= What this task involves =
For this exercise, repeat the whole listing below exactly. Leave the pictures out.

= Available data =

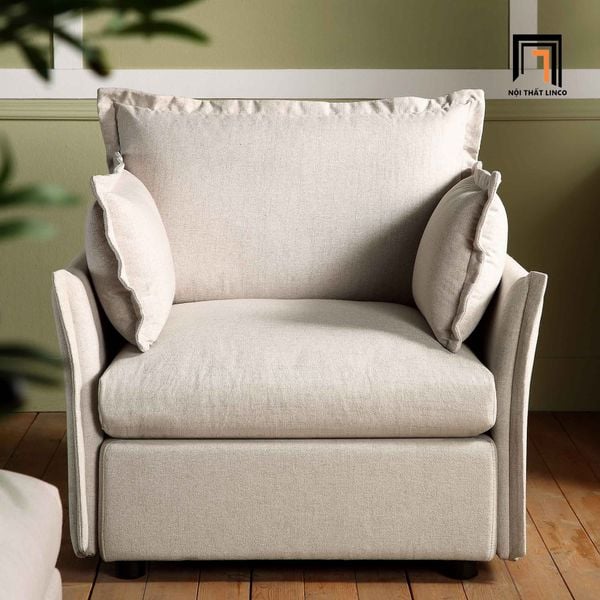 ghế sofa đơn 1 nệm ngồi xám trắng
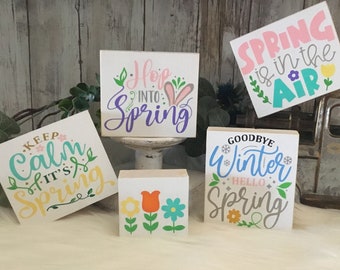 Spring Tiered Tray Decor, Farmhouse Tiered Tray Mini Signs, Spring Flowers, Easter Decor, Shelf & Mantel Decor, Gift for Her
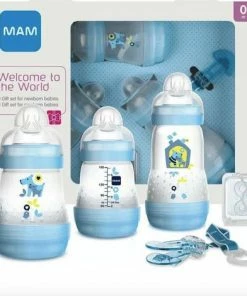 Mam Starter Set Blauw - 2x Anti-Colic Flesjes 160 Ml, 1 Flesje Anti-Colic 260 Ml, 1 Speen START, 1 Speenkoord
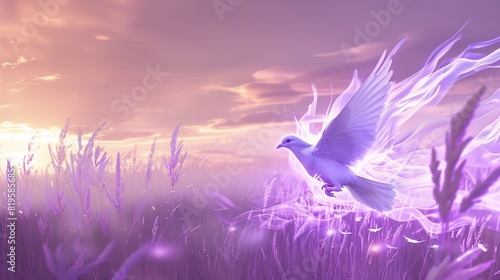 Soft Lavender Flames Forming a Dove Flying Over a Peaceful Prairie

= Response to the task =
 ghế sofa đơn 1 nệm ngồi xám trắng
 Spring Tiered Tray Decor, Farmhouse Tiered Tray Mini Signs, Spring Flowers, Easter Decor, Shelf & Mantel Decor, Gift for Her
 Mam Starter Set Blauw - 2x Anti-Colic Flesjes 160 Ml, 1 Flesje Anti-Colic 260 Ml, 1 Speen START, 1 Speenkoord
 Soft Lavender Flames Forming a Dove Flying Over a Peaceful Prairie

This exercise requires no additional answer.